К согласному решению так и
Глава десятая
Кресло Натальи Павловны было проникнуто чувством собственного достоинства, очевидно сознавая, что происхождение его восходит к эпохе ампир и что особа, которой оно принадлежит, заслуживает исключительного уважения. Никто из домашних никогда в него не садился: даже покойная Диана не смела ставить на него лапы, а молодая Лада была слишком тактична, чтобы нарушать традицию и мять бархатную подушку и вышитый шерстями герб Бологовских с башнями и скрещенными мечами. К обеденному столу это кресло тоже не пододвигалось; за обедом Наталья Павловна сидела настолько прямо, что Леля и Ася серьезно обсуждали, может ли еще кто-нибудь во всем городе сидеть так, как сидит бабушка? В кресло Наталья Павловна садилась обычно уже после обеда с мемуарами или вязаньем: она постоянно распускала и заново перевязывала семейные шерстяные вещи, выходившие из строя. Это была та добровольная обязанность по дому, которую она взяла на себя в дополнение к обязанностям кассира и главного диспетчера, которые приличествовали только ей. Мадам прибирала, ходила по магазинам и изощрялась на кухне, стараясь разнообразить нехитрые блюда; молодая новобрачная была «девушкой на побегушках», посудомойкой и помощницей на кухне, причем мадам она величала «руководящим поваром», а себя «сподручным» или «блюдолизом». Олег взял на себя заготовку дров, топку печей и возню с пылесосом. Пылесос этот служил предметом постоянного смеха у молодой пары. Асю особенно забавлял тот ужас, который питала перед богатырскими вздохами этого чудовища молодая Лада: стоило лишь взяться за пылесос, и она тотчас забивалась под диван. Возней с пылесосом занимались обычно по воскресным утрам: в будни Олег возвращался со службы только к семи часам, и все старались сохранить вечер свободным от хозяйственных дел. Старшие дамы в эти часы садились часто за рукоделие. Пробуя приохотить и Асю, мадам скроила однажды из остатков рваной наволочки крошечную распашонку и вручила будущей мамаше. Но Ася органически не была способна высидеть за иголкой дольше десяти минут. Несчастному «дофину» грозила бы опасность замерзнуть в первый же день существования, если бы заготовка приданого была вверена одной только заботливой мамаше.

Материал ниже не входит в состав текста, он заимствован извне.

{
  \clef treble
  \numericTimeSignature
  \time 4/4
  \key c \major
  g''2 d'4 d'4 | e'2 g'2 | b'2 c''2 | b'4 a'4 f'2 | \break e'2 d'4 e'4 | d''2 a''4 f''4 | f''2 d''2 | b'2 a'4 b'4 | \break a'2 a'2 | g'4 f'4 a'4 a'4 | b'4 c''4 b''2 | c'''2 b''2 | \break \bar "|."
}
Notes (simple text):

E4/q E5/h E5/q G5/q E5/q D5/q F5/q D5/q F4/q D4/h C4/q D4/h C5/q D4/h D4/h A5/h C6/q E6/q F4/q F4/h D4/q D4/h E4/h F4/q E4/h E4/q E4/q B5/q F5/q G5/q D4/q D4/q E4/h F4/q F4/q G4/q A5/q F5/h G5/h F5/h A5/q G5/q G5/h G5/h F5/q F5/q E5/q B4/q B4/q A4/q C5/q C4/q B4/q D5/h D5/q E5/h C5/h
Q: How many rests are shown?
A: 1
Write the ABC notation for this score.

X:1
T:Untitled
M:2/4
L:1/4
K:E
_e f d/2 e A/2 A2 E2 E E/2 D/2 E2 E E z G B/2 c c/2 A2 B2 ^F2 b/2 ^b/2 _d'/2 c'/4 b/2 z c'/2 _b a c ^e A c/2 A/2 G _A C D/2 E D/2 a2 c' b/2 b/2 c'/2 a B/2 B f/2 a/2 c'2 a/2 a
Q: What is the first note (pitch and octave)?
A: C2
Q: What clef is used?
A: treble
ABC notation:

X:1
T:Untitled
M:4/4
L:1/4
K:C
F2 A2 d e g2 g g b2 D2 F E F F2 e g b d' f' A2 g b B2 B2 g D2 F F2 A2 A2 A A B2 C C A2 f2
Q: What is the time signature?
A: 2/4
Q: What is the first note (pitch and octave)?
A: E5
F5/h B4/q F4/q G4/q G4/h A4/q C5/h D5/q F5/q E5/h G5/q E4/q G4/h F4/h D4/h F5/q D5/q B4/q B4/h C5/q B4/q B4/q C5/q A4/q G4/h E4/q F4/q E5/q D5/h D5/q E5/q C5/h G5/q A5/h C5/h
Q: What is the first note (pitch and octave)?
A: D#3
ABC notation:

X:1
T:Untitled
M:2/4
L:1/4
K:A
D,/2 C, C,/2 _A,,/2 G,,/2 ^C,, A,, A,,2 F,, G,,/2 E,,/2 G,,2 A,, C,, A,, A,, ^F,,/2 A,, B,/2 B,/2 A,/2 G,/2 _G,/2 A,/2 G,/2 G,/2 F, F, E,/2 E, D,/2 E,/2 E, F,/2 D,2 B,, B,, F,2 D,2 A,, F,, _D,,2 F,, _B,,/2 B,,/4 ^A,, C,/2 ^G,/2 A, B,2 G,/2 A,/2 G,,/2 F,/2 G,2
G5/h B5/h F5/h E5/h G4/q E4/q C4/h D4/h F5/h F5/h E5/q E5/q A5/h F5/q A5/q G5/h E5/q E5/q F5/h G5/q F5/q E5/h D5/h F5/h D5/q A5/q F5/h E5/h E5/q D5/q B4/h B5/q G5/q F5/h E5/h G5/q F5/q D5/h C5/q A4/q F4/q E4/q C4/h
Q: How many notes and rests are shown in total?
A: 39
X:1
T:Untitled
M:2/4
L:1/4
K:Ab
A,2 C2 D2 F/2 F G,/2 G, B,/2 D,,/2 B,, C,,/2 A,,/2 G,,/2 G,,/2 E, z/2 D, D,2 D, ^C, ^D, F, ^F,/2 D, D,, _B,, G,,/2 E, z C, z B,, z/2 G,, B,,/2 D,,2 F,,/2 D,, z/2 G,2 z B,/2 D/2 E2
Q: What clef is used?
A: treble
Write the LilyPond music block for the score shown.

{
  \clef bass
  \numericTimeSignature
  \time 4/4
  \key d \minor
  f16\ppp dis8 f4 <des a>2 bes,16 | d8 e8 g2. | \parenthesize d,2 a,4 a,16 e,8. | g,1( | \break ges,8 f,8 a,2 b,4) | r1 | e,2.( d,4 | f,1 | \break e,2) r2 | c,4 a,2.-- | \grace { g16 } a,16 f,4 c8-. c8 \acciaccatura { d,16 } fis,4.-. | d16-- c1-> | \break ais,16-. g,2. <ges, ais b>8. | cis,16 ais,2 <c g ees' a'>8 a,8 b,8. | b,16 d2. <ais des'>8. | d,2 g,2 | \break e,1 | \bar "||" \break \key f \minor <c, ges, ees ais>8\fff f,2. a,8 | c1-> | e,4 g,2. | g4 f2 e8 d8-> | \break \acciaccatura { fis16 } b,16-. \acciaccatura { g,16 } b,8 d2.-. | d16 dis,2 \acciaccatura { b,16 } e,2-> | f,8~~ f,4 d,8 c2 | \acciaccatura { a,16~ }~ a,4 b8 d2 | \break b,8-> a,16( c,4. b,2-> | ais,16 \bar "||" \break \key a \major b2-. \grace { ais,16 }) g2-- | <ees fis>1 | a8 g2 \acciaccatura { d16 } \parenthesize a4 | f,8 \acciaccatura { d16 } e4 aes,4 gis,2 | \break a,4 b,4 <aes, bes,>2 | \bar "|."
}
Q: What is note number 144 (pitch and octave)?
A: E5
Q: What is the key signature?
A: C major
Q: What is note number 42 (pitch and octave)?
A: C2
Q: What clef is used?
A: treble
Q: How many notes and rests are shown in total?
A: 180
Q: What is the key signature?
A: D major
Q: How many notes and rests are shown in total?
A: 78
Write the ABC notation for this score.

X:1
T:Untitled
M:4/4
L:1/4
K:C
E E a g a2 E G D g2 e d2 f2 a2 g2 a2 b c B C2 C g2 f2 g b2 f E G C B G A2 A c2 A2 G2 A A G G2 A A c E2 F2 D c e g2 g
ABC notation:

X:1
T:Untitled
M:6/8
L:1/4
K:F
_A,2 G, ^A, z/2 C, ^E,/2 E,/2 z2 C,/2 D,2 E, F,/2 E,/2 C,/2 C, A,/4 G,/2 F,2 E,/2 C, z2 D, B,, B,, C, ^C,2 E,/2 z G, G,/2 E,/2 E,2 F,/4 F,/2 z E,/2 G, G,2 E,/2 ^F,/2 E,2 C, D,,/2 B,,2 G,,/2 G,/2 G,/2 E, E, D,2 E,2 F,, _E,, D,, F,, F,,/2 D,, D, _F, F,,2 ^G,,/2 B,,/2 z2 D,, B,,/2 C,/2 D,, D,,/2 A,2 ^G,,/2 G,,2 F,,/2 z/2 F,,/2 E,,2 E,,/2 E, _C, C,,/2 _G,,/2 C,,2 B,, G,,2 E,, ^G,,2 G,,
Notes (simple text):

– Ничего не выходит! Бесталанная я! Распашонка моя не подвигается и уже завалялась: надо ее сначала выстирать. Завтра я по-настоящему примусь за дела, а сегодня я вам лучше Шопена поиграю, – заявляла она.
Мечтой ее было приохотить Олега к четырехручной игре. Если вследствие недостатка средств они не могли регулярно посещать филармонию, необходимо было наладить домашнее музицирование, как было заведено при Сергее Петровиче. Она отыскала старую толстую папку с симфониями Гайдна и притащила к роялю упиравшегося мужа. Олег с сомнением посмотрел на первые строчки.
– Боюсь, что мне не сыграть этого, Ася!
– Вот глупости! Отлично сыграешь, коль скоро знаешь ноты. Твоя партия нетрудная, я буду считать вслух, темп возьмешь мед; ленный. Начинаем.
Первые шесть тактов прошли благополучно, на седьмом Аса взвизгнула:
– Си-бекар! Разве возможен бемоль в такой фразе? Неужели ты не слышишь?
– Мы, убогие, абсолютным слухом не обладаем. Слышу, что неверно, но почем я знаю, что именно!
– Сначала! – скомандовала она.
– Так точно. Слушаюсь.
Начали снова, но на том же седьмом такте Ася опять завизжала не хуже поросенка, которого режут:
– Ре-диез, ре-диез, ре-диез!
Олег испуганно снял руки.
– Я с диезами и бекарами, по-видимому, не в ладах. Лучше нам бросить, Ася.
– Ни за что! – был категорическим ответ. – Сыграй вот эти такты сначала и один. Так. Хорошо… Ведь вот можешь же! Начинаем.
– Ей Богу, мне страшно! Мысль, что впереди седьмой такт меня заранее парализует. Это грозное укрепление мне не под силу.